:: Working data ::
== Segment start ==

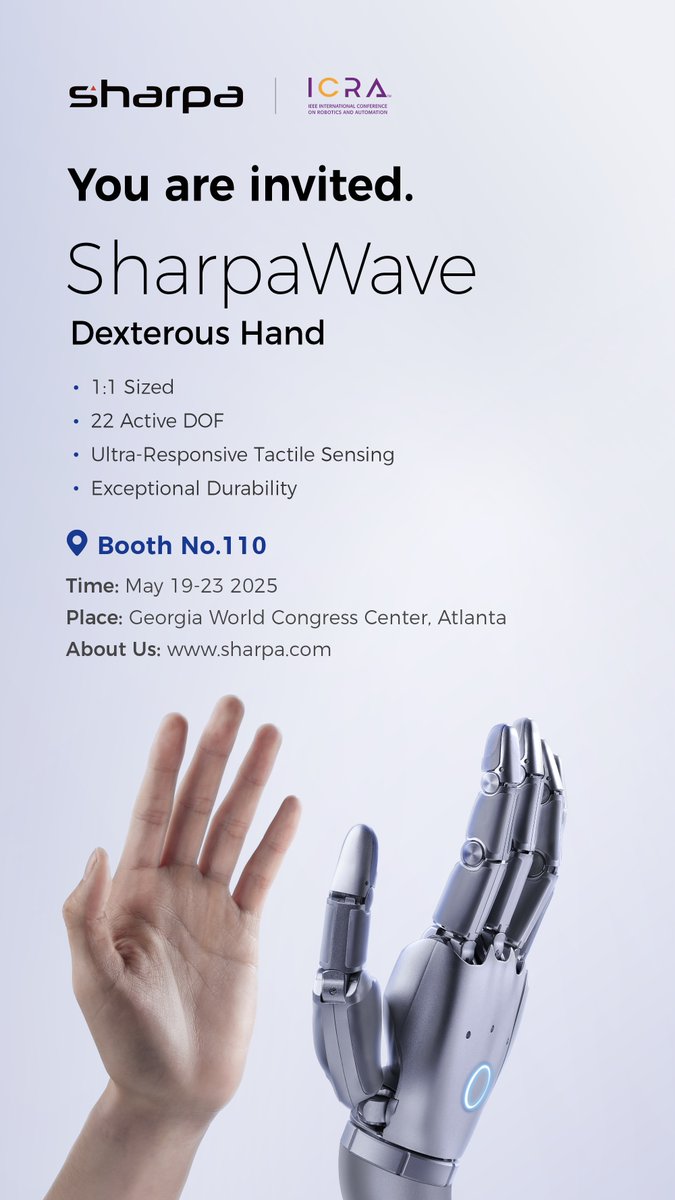 Sharpa Hand Alicia V (@AliciaV_0726) / Posts / X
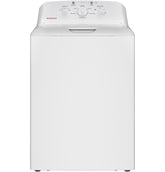 HOTPOINT 4.0 cu. ft. Capacity Washer with Stainless Steel Basket,Cold Plus and Water Level Control - HTW265ASWWW-KT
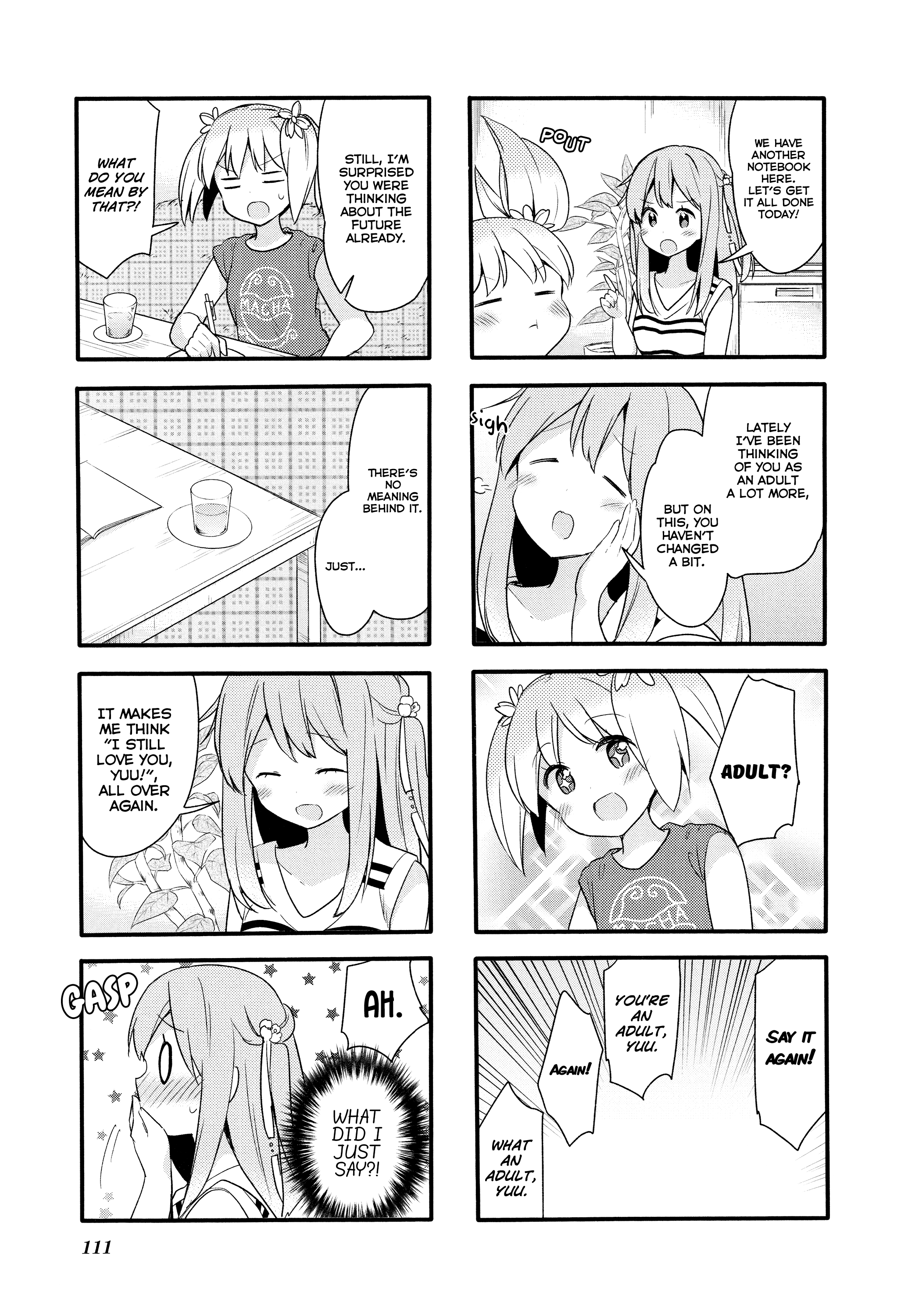 Sakura Trick - Chapter 65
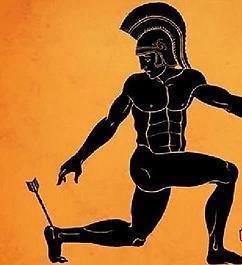 Plantilla de meme Achilles Heal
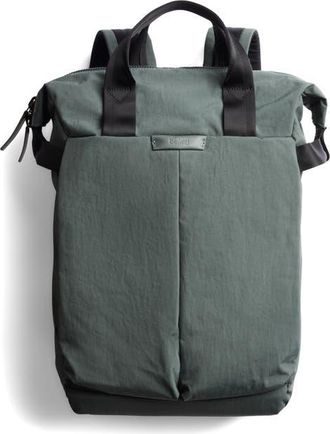 Bellroy Tokyo Water Resistant Tote Backpack in Everglade at Nordstrom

== Segment end ==

:: What this task involves ::
Please output all of the entries above exactly, but without any picture.

:: Written response ::
 Sharpa Hand Alicia V (@AliciaV_0726) / Posts / X
 HOTPOINT 4.0 cu. ft. Capacity Washer with Stainless Steel Basket,Cold Plus and Water Level Control - HTW265ASWWW-KT
 Sakura Trick - Chapter 65
 Plantilla de meme Achilles Heal
 Bellroy Tokyo Water Resistant Tote Backpack in Everglade at Nordstrom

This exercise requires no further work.